Opinion
No. 02-2953 Ma/A.
October 24, 2005
ORDER DENYING DEFENDANT'S MOTION FOR RECONSIDERATION
On October 19, 2005, this court issued an order granting partial summary judgment to Plaintiff Thomas Betts Corp. ("Thomas Betts"). Defendant Hosea Project Movers, LLC, ("Hosea") filed a motion for reconsideration of this order on October 24, 2005. For the following reasons, Hosea's motion is DENIED.
Rule 59(e) affords a plaintiff relief from a judgment under limited circumstances:
First, the movant may demonstrate that the motion is necessary to correct manifest errors of law or fact upon which the judgment is based. Second, the motion may be granted so that the moving party may present newly discovered or previously unavailable evidence. Third, the motion will be granted if necessary to prevent manifest injustice. . . . Fourth, a Rule 59(e) motion may be justified by an intervening change in controlling law.
The Rule 59(e) motion may not be used to relitigate old matters, or to raise arguments, or present evidence that could have been raised prior to the entry of judgment. Also, amendment of the judgment will be denied if it would serve no useful purpose.
11 Charles Alan Wright et al., Federal Practice and Procedure § 2810.1 (2d ed. 1995) (footnotes omitted); see GenCorp, Inc. v. Am. Int'l Underwriters, 178 F.3d 804, 834 (6th Cir. 1999) (noting that Rule 59(e) motions may be granted if there is a clear error of law, newly discovered evidence, an intervening change in controlling law, or to prevent manifest injustice). The court should use its "informed discretion" in deciding whether to grant or deny a Rule 59(e) motion. See Huff v. Metro. Life Ins. Co., 675 F.2d 119, 122 (6th Cir. 1982).

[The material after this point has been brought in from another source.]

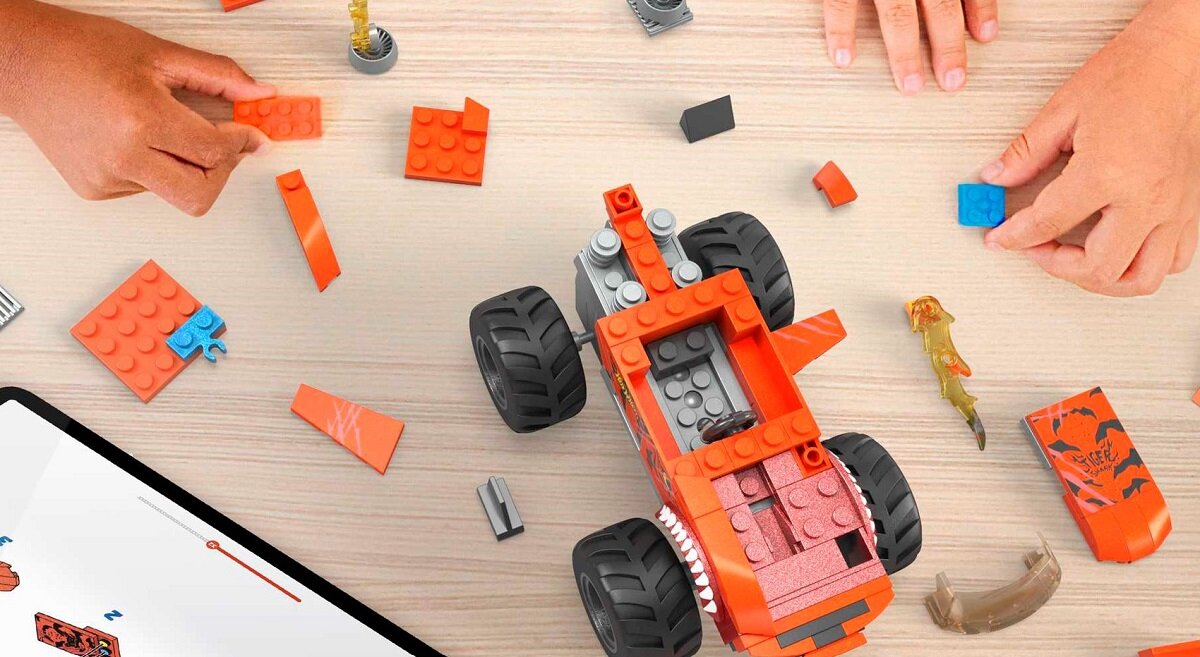 klocki plastikowe Hot Wheels Tiger Shark Kaskaderski skok HKF88 Kraksa demolka Figurka kierowcy Elementy Szczegółowy Kreatywna zabawa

Hosea requests relief from the court's grant of partial summary judgment on the grounds of manifest error of fact. In its order, the court found that Hosea had breached its contract with Thomas Betts by failing to provide insurance coverage in Mexico as well as the United States. Until filing its motion for reconsideration, Hosea has never disputed Thomas Betts' claim that it did not provide insurance coverage in Mexico. Instead, Hosea has argued that it did not breach the contract because the contract did not require that insurance coverage extend beyond the borders of the United States.
Now, one day before the trial is set to begin, Hosea for the first time claims that it did not breach the agreement because the coverage that it purchased did in fact extend to Mexico. This argument is not based on evidence or law not available to Hosea prior to the court's October 19 order. It could and should have been made in Hosea's initial response to Thomas Betts motion for summary judgment or in its response to Thomas Betts motion for reconsideration. Therefore, Hosea's motion for reconsideration is DENIED.